5:15 PM - 6:30 PM
[SSS31-P10] Topography of late Quaternary in the Tonami plain and activity of the Tonami-heiya fault zone, Toyama Prefecture
The Holocene alluvial fans and flood plains formed by the Sho and Oyabe Rivers spread out in the Tonami plain from the central through the northern parts. Along the foot of the surrounding mountains and hills, higher, middle and lower terraces of late Pleistocene-Holocene in age are distributed. These terraces have been displaced, even during the Holocene time, by the reverse dip-slip activities of Tonami-heiya fault zone in a sense of upheaval in the mountains side.

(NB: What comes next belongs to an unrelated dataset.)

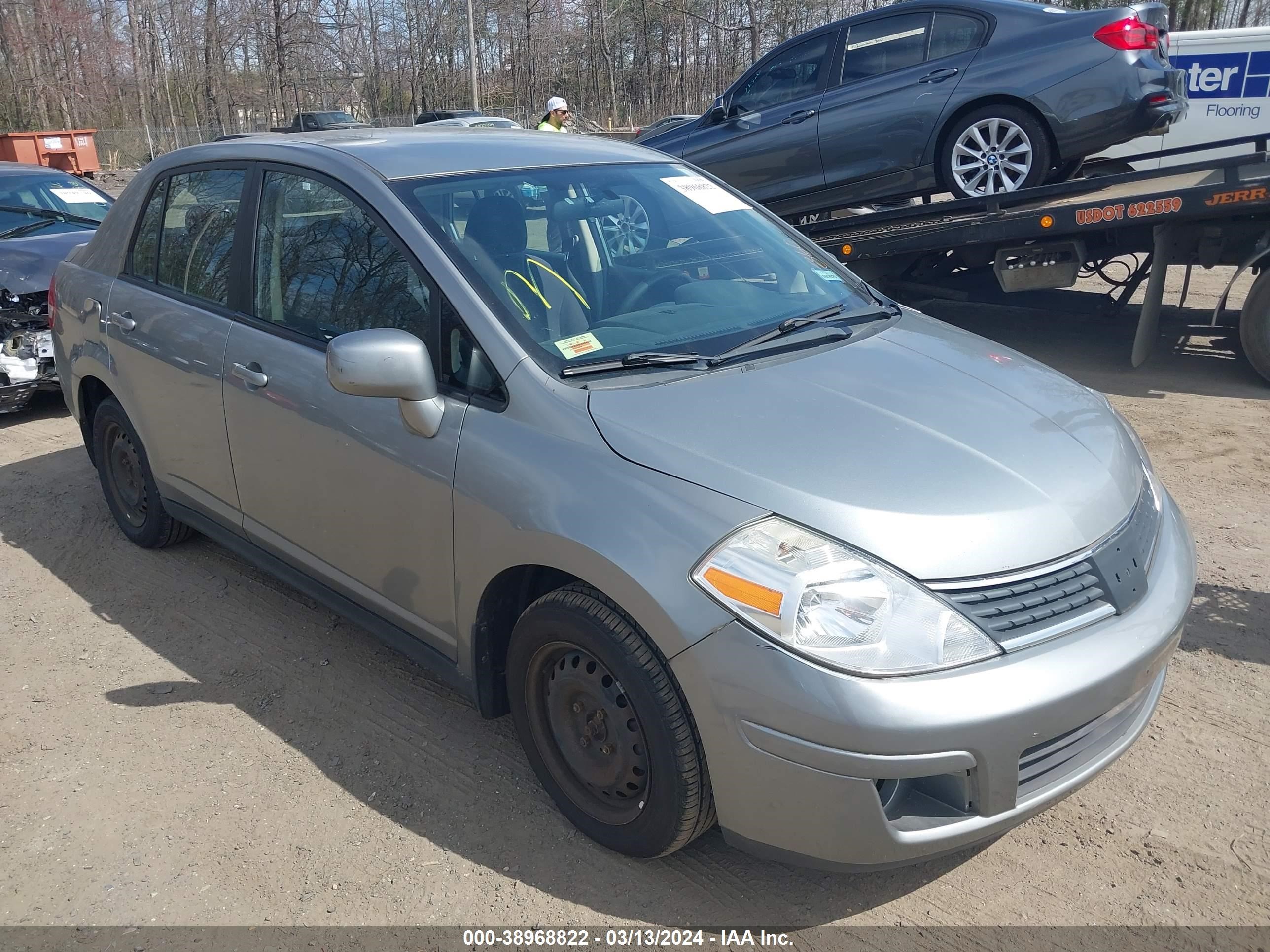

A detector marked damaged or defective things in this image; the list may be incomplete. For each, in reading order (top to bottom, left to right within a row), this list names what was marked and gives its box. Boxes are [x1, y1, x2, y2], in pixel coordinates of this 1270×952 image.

We examined stratigraphic cross section utilizing borehole data and morphologically analyzed 5m-DEM in order to elucidate the fault trace of the Isurugi fault which belongs to the Western Tonami-heiya fault zone. As the results, the northern segment of Isurugi fault seems to run along the northeastern foot of Hodatsu hill and extends underground through the lower-most Oyabe River into the Toyama Bay. Consequently its total length reaches about 30 km. In the southern segment, a continuous fault scarplet was recognized to cut across the lower dissected fans. The slip-rate of Isurugi fault is estimated to be 0.31-0.64m/kyr. As for the Eastern Tonami-heiya fault zone, the mid-Holocene and later activities along Horinji and Takashozu faults were also identified from previous studies by trench excavation surveys (AIST, 2012, Toyama Pref., 2000).
In the Hokuriku region, reverse faulting and related folding with strike in a NE-SW direction have occurred during the late Quaternary. In this process, the upheaval of mountains and hills as well as the subsidence of plain were reactivated and have continued. Then, the hinge line of block movement due to the activities of the Tonami-heiya fault zone is revealed to have shifted from the mountain side into the plain side within the Holocene time. In conclusion, the Quaternary folding and faulting associated with the crustal warping at a wavelength of about 20 km is currently in progress, causing both the subsidence of Tonami plain and the upheaval of surrounding mountains and hills.
National Institute of Advanced Industrial Science and Technology (AIST), 2012, Research on fault Activity and history of the Tonami Heiya fault zone and the Kurehayama fault zone (western part of the Tonami Heiya fault zone). Report on complementary investigation of active fault. H23-1.
Toyama Prefecture, 2000, Summary report on survey of the Tonami-heiya fault zone, 30p., Toyama Prefecture.